I’ll admit it—Oscar season has hit a slow stretch. After a fun Golden Globes ceremony followed by a historic slate of Academy Awards nominees, there has been a multi-week break from major precursor awards (outside of the Directors Guild Awards, whose top prize predictably went to One Battle After Another’s Paul Thomas Anderson). As a result, it’s felt like the tightest Oscar races have been put on pause, with no indication that momentum is swinging one way or another. (It doesn’t help that this year’s Oscar races don’t really contain anything completely batshit like Emilia Pérez to keep us occupied in the meantime.)
But worry not! We’re about to enter the hottest stretch of Oscar precursors: The BAFTAs are this Sunday, followed by the Producers Guild Awards next week and the Actor Awards (formerly the SAG Awards) on March 1. This is an extremely pivotal period in the run-up to the Oscars, when the front-runners that haven’t faced stiff competition thus far could get usurped by a dark horse contender experiencing a late push. Is anyone challenging Timothée Chalamet for Best Actor? How close is the Best Supporting Actress race between One Battle’s Teyana Taylor and Weapons’ Amy Madigan? And can Sinners finally take a bite out of One Battle’s dominant campaign? This is the time when the answers to those questions start coming into focus.
But how, exactly, do we know if an aberrant precursor award is a fluke or indicative of an incoming Oscar upset? Well, just as the Academy Awards are a celebration of the art of film, we’re now going to recognize the art of the last-minute Oscar surge. Not all upsets are good ones—I don’t think anyone would argue that Crash’s buzzer-beater Best Picture win over Brokeback Mountain in 2006 has aged well—but no one wants the Oscars to be completely chalk. That’s just no fun! Last-minute surges have led to some of the most exciting moments in Academy Awards history, and there are a few different avenues to make one happen.

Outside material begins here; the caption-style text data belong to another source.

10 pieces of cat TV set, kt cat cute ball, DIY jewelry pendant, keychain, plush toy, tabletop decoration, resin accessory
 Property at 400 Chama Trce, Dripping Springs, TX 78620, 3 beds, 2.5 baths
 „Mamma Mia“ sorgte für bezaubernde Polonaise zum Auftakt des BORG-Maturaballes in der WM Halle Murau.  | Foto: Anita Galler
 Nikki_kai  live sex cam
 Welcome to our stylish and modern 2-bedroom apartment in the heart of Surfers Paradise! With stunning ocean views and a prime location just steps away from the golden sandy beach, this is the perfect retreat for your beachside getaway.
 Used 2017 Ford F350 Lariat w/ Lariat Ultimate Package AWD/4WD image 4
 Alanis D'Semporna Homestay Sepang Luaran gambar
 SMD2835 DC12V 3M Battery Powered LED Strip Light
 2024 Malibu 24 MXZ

Take last year, for instance. Demi Moore was collecting trophy after trophy on the awards circuit—and delivering some sweet acceptance speeches along the way—for The Substance. This was pretty unexpected, considering that Moore’s performance was frankly nasty, effects-driven body horror that screamed everything but Oscar bait. But the film also served as the comeback vehicle for a culturally significant actor who remade herself for the role. It seemed like she had the Oscar locked (stitched?) up—until Anora’s Mikey Madison danced her way to the BAFTA. This was a genuine shock after Moore’s narrative had strengthened so immensely over the course of the Best Actress race. Even still, oddsmakers weren’t convinced by Madison’s surprise win, and Moore was still the favorite heading into the Oscar ceremony—but Madison ultimately took home the statuette.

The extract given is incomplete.